Globalization facilitates the spread of disease and increases the number of travelers who will be exposed to a different health environment. Major content areas of travel medicine include the global epidemiology of health risks to the traveler, vaccinology, malaria prevention, and pre-travel counseling designed to maintain the health of the approximately 600 million international travelers. It has been estimated that about 80 million travelers go annually from developed to developing countries.
Mortality studies indicate that cardiovascular disease accounts for most deaths during travel (50–70%), while injury and accident follow (~25%). Infectious disease accounts for about 2.8–4% of deaths during/from travel. Morbidity studies suggest that about half of people from a developed country who stay one month in a developing country will get sick. Traveler's diarrhea is the most common problem encountered.
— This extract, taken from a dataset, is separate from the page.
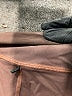 PrAna Brown Active Pants Size 4 - photo 7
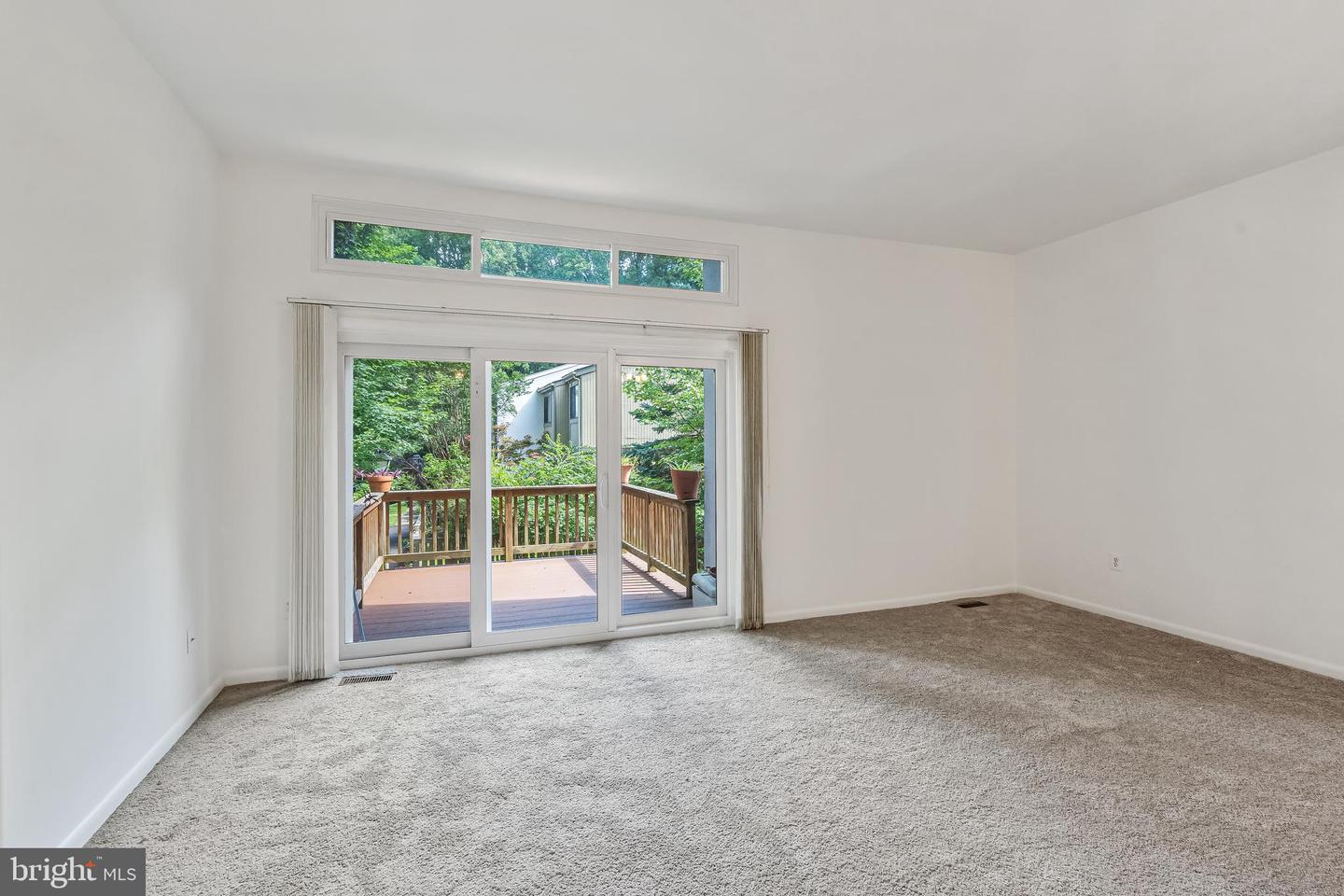 2339 MILLENNIUM LN, RESTON, Virginia 20191, 3 Bedrooms Bedrooms, ,2 BathroomsBathrooms,Residential,For sale,2339 MILLENNIUM LN,VAFX2243568 MLS # VAFX2243568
The field of travel medicine encompasses a wide variety of disciplines including epidemiology, infectious disease, public health, tropical medicine, high altitude physiology, travel related obstetrics, psychiatry, occupational medicine, military and migration medicine, and environmental health.
Travel medicine can primarily be divided into four main topics: prevention (vaccination and travel advice), assistance (dealing with repatriation and medical treatment of travelers), wilderness medicine (e.g. high-altitude medicine, cruise ship medicine, expedition medicine, etc.) and access to health care, provided by travel insurance.
Travel medicine includes pre-travel consultation and evaluation, contingency planning during travel, and post-travel follow-up and care. Information is provided by the WHO that addresses health issues for travelers for each country as well as the specific health risks of air travel itself. Also, the CDC publishes valuable and up-to-date information. Key areas to consider are vaccination and the seven I's:
Malaria prevention consists of preventing or reducing exposure to mosquitos by using screened rooms, air-conditioning, and nets, and use of repellents (usually DEET). In addition, chemoprophylaxis is started before travel, during the time of potential exposure, and for 4 weeks (chloroquine, doxycycline, or mefloquine) or 7 days (atovaquone/proguanil or primaquine) after leaving the risk area. See detailed CDC site.
The traveler should have a medication kit to provide for necessary and useful medication. Based on circumstances, it should also include malaria prophylaxis, condoms, and medication to combat traveler's diarrhea. In addition, a basic first aid kit can be of use.
Studies have shown there are four main medical problems that travellers develop—diarrhoea or gut problems, respiratory problems, wounds and pain. The medical kit should at least address these common things.
Research has also shown that the best treatment for travellers diarrhoea is to take an antibiotic (e.g. ciprofloxacin) plus a stopper (e.g. loperamide). Due to bacterial resistance, different parts of the world require different antibiotics. It is best to consult a travel doctor to sort out the best medical kit for the exact destination and medical history of the person travelling.